Questa cortese esibizione parve alla nonna un benefizio della
provvidenza, comunicò subito l’invito agli sposi, che venne accolto con
piacere, e così veniva a togliersi ogni attrito disgustoso fra i due
matrimoni che dovevano succedersi a pochi giorni di distanza.
La povera nonna aveva le lagrime agli occhi quando pensava che la sua
diletta Maria sarebbe andata ad abitare per qualche giorno in quella
casa così piena di memorie per lei, ove era nata, e aveva passata
l’infanzia e la prima gioventù, e narrava alla nipote la bellezza di
quei siti, il pittoresco delle colline e dei laghi, le delizie delle
prospettive e dei giardini, la pace e la solitudine di quella casetta
romita, quasi nascosta sotto gli alberi. Le raccomandava di visitare le
posizioni più ridenti, e di renderle conto delle sue impressioni. Ed era
felice che Maria passasse quei giorni di vita nuova dove essa aveva
conosciuto ed amato il capitano, e le raccontava la modestia di quel
soldato, la timidezza di colui che non aveva paura dei nemici armati,
dei Tedeschi e dei Cosacchi, e che non osava parlare ad una ragazza. E
le descriveva i due nonni come se fossero ancora vivi, e anche giovani,
perchè Maria ne aveva conosciuto uno solo, ed anche vecchio, quando essa
era bambina.
Ma quelli erano tempi terribili e pericolosi, le congiure dei Carbonari
avevano ritardato il loro matrimonio; tanto suo padre che il fidanzato
dovevano tenersi pronti a fuggire in caso di pericolo, per salvarsi
dalla prigione e dalla forca.
Andrea si andava civilizzando, si faceva vestire a Treviso da un sarto
migliore di quello del villaggio, aveva imparato a pettinarsi, si
metteva la cravatta con qualche attenzione, e pareva quasi un giovinotto
della città.
Il maestro gli dava qualche buon libro, e gli diceva:
—Per non parere un asino non basta cambiar la pelle, bisogna anche
camminare con due gambe. L’uomo sta ritto perchè alza la testa; impara
da Argo a stare in piedi e a farti amare da Maria; Argo è pieno di
cortesie per la sua amica, e sa meritarsi la sua affezione.

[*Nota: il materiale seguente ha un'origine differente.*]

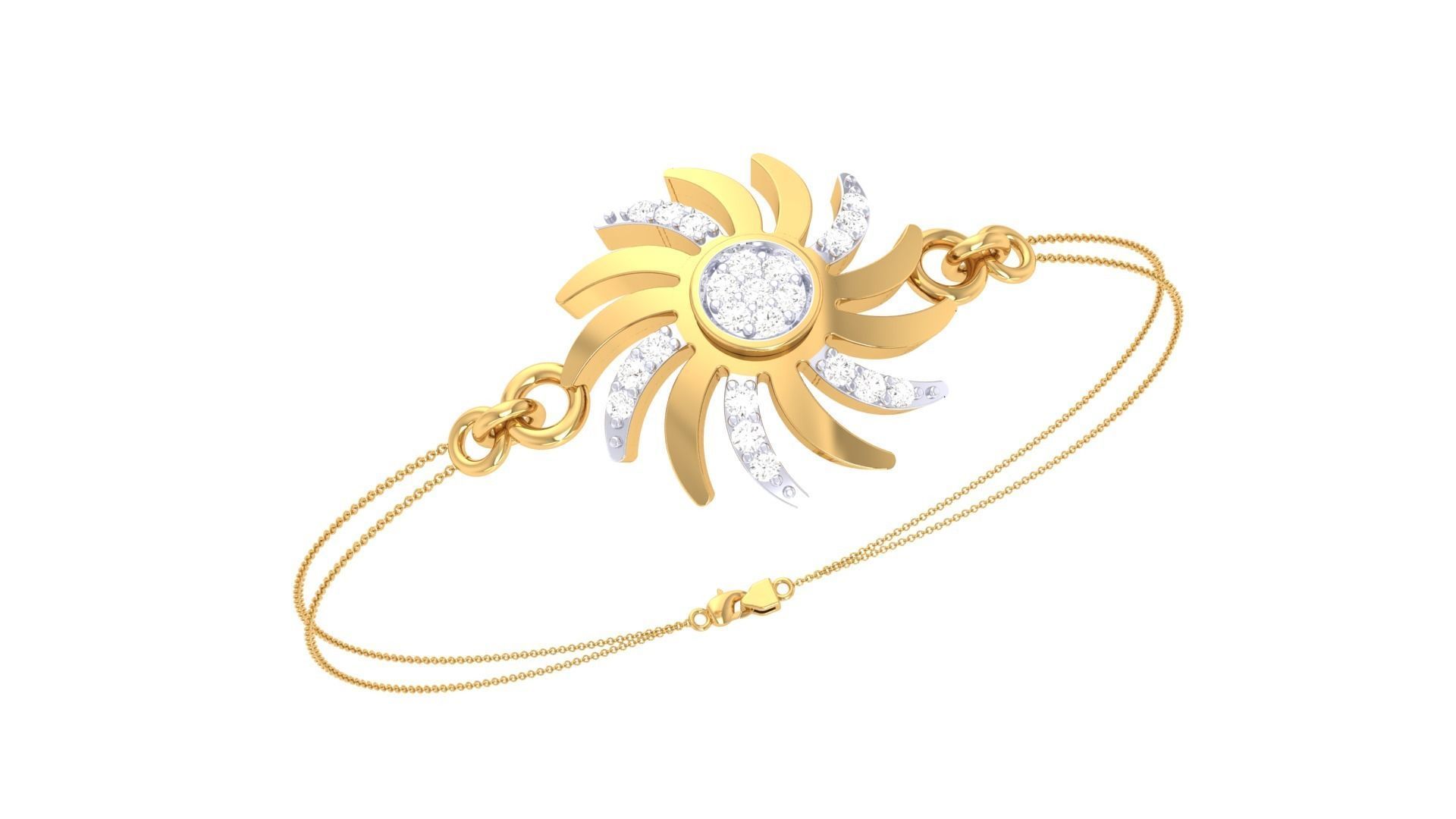 Flower Women Light wt Diamond Bracelet 3dm stl obj gltf glb 3mf 3D print model_2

Cerca
d’istruirti se non vuoi far ridere la gente quando apri la bocca. Se non
impari qualche cosa farai una pessima figura nella famiglia di Brianza.
Tuo nonno era un ubbriacone, ma pieno di buon senso; tuo padre sa fare
il suo interesse, ma è un galantuomo; tu sei un bestione, ed hai bisogno
di nascondere quella ruvida scorza che ti rende scabroso.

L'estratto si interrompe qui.